RU (rack unit) or U is the unit of measure used to describe the height of equipment intended for mounting in a 19-inch rack. One U is 1.75 inches (44.45 mm) high.
HP (horizontal pitch) is the unit of length defined by the Eurocard standard used to measure the horizontal width of rack mounted electronic equipment. One HP is 0.2 inches (5.08 mm) wide. A standard 19-inch rack is 84 HP wide.
A rack's mounting fixture consists of two parallel vertical metal "posts" or "panel mounts". The posts are each 0.625 inches (15.88 mm) wide, and separated by a gap of 17.75 inches (450.85 mm), giving an overall rack width of 19 inches (482.60 mm). The posts have matching holes in them at regular intervals, with a center-to-center distance of 18.312 inches (465.12 mm). Vertically the holes in the posts are arranged in repeating sets of three, with center-to-center separations of 0.5 inches (12.70 mm), 0.625 inches (15.88 mm), 0.625 inches (15.88 mm). The hole pattern thus repeats every 1.75 inches (44.45 mm).

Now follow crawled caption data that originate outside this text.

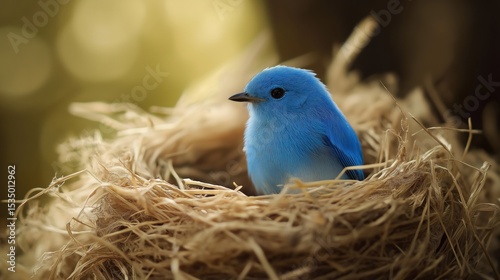 Blue bird resting in a natural nest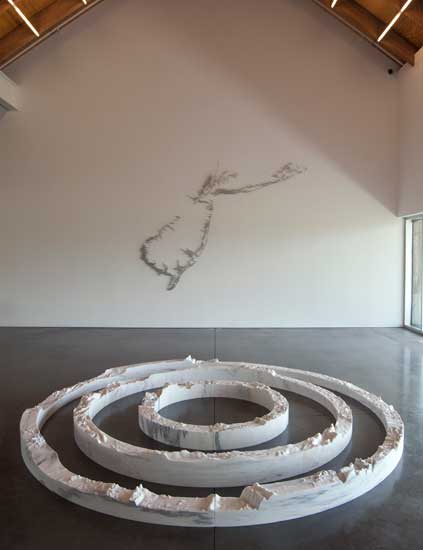 "Arctic Circle," "Latitude New York City," and "Equator" by Maya Lin. Vermont Danby Marble, 2013-2014. 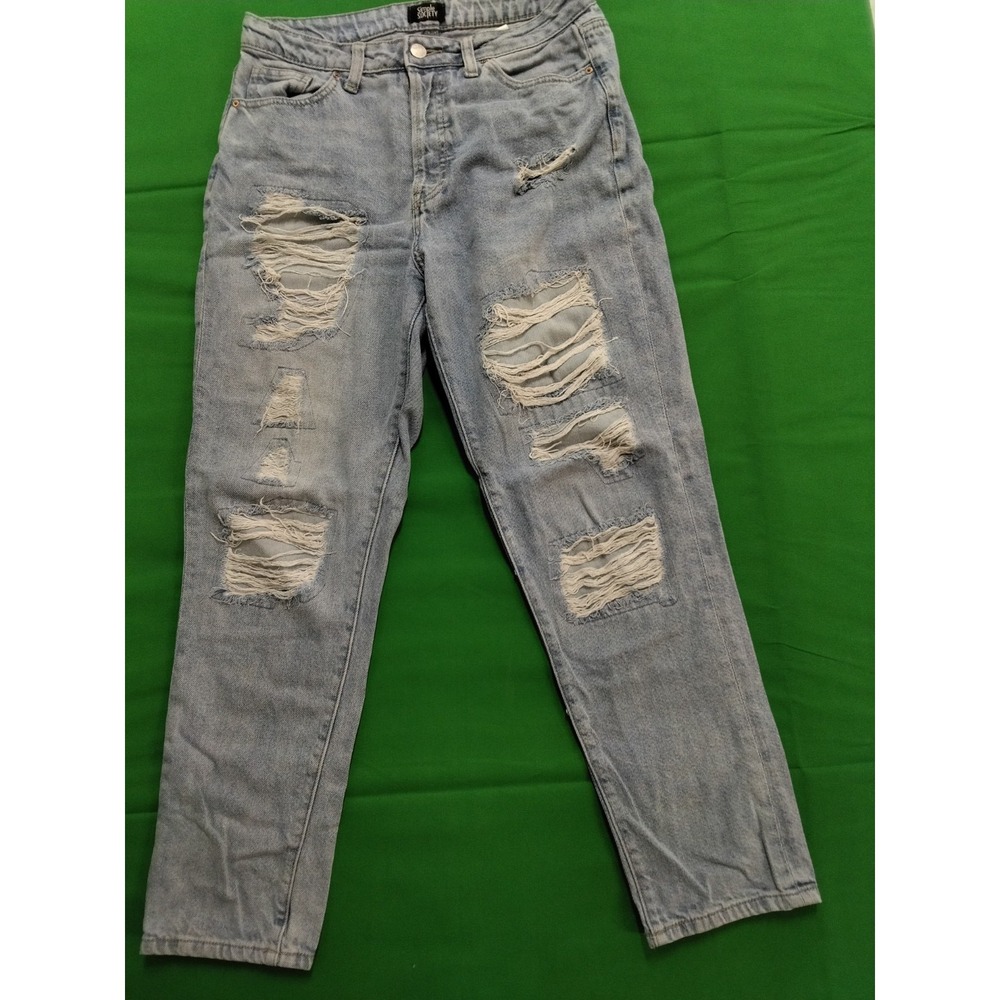 Simple Society Distressed Straight Leg Jeans Women 5/27 Light Blue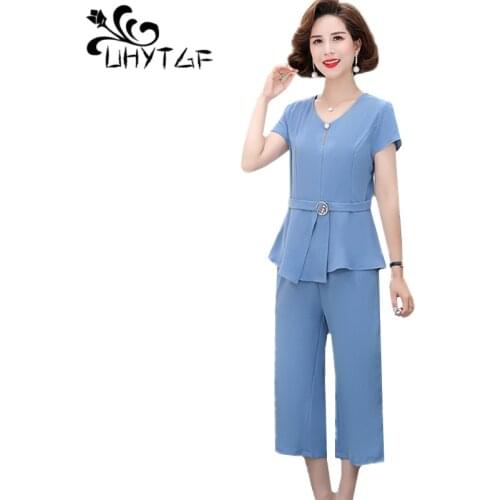 UHYTGF Casual Womens Summer Suit 2021 V-Neck Pullover T-Shirt Tops Mother Tracksuit Short Sleeve Slim Plus Size Two-Piece Set 5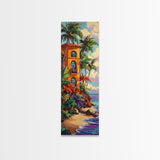 Villa Palms, Beach Colorful — Framed Canvas Print, tropical vacation home decor, beach house art, vibrant coastal scene, entryway print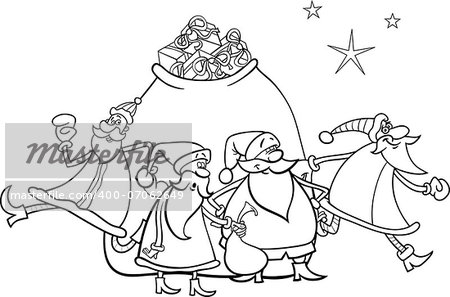 Black and White Cartoon Illustration of Santa Claus Group Christmas Characters with Big Sack of Gifts for Coloring Book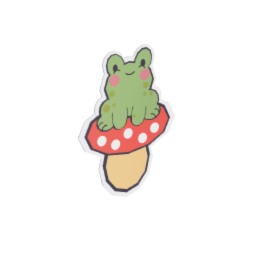 Cute frog on mushroom sticker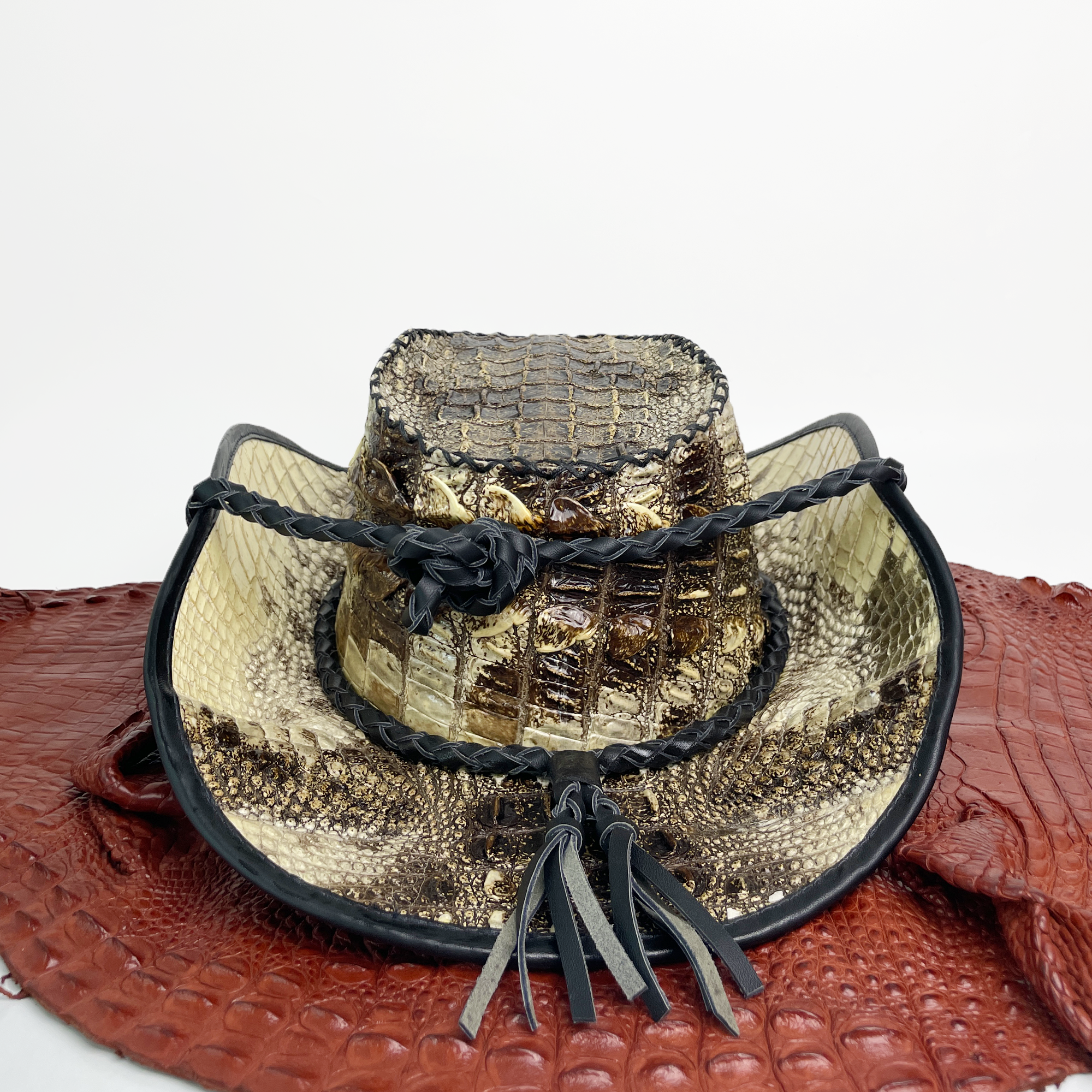 Alligator Cowboy Hat | Mens Crocodile Skin Western Style Hat With Chin Cord | HAT-VANH-05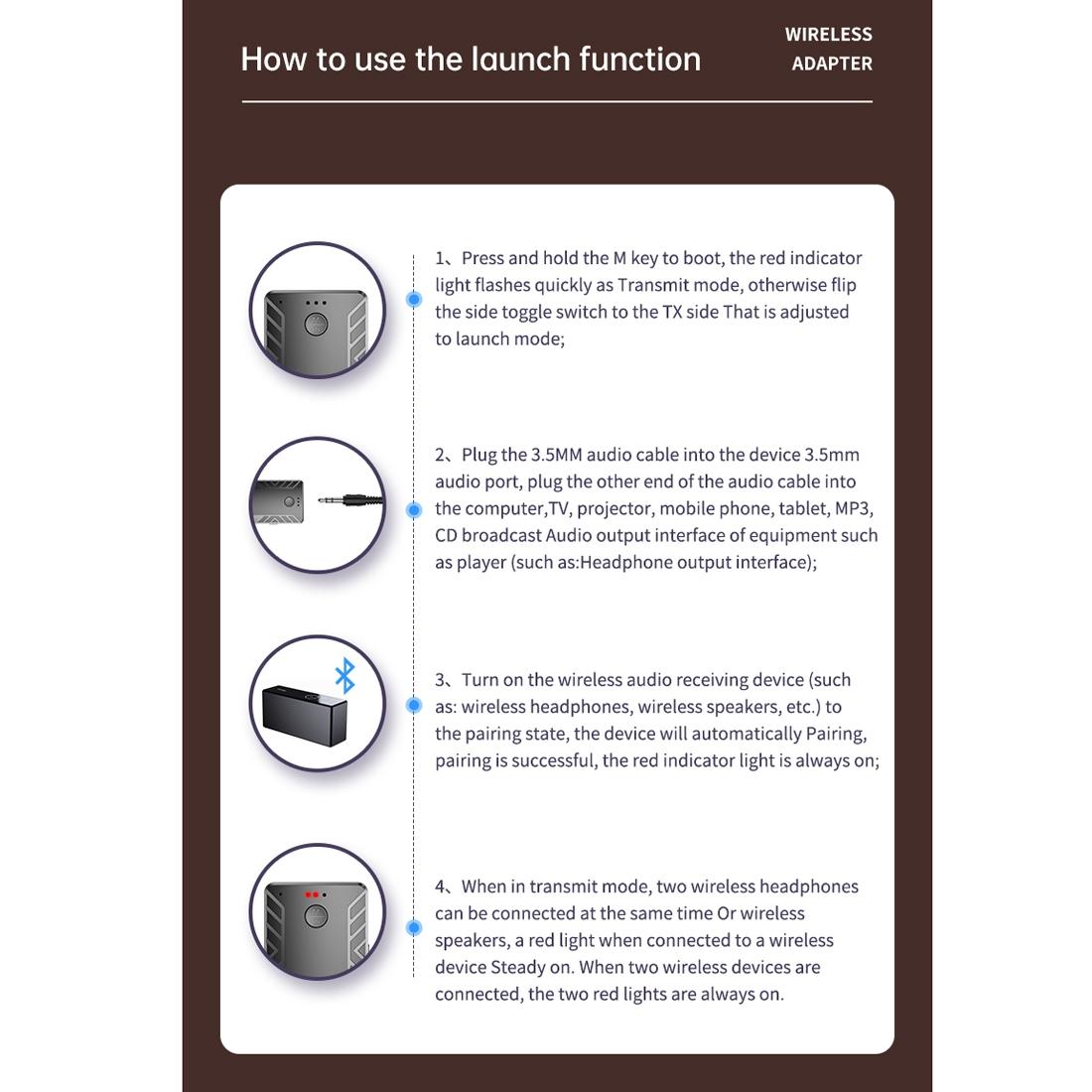 2-In-1 Bluetooth Audio Adapter T-19 Receiver / Transmitter-1915197822324576264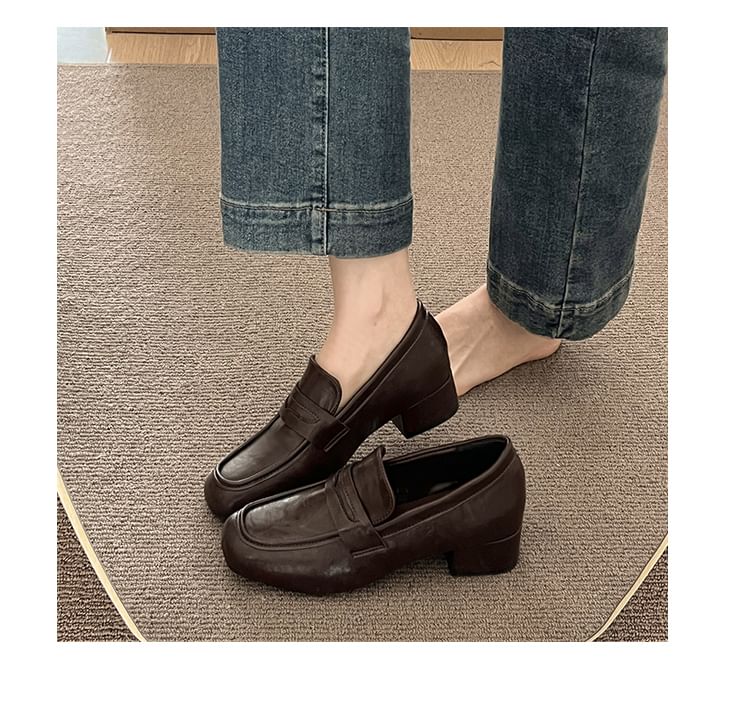Chunky Faux Loafers Plain Heel Penny Leather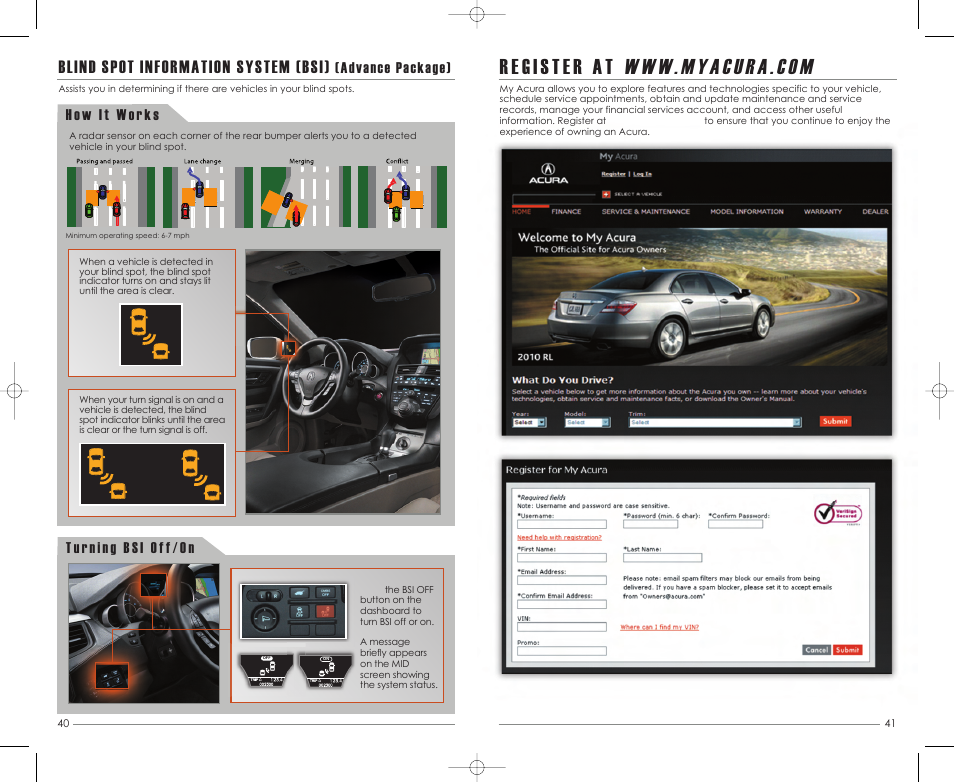 Blind spot information system (bsi), Advance package) | Acura 2011 ZDX - Advanced Technology Guide User Manual | Page 22 / 23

Tapped-hole racks are used for hardware that rarely changes, such as phone, network cabling panels, TV broadcasting facilities, studios and relay racks. Clearance-hole racks have holes large enough to permit a bolt to be freely inserted through without binding, and held in place by cage nuts, (a spring steel clip within which is a captive nut). Square-hole racks allow boltless mounting, such that the rack-mount equipment only needs to insert through and hook down into the lip of the square hole.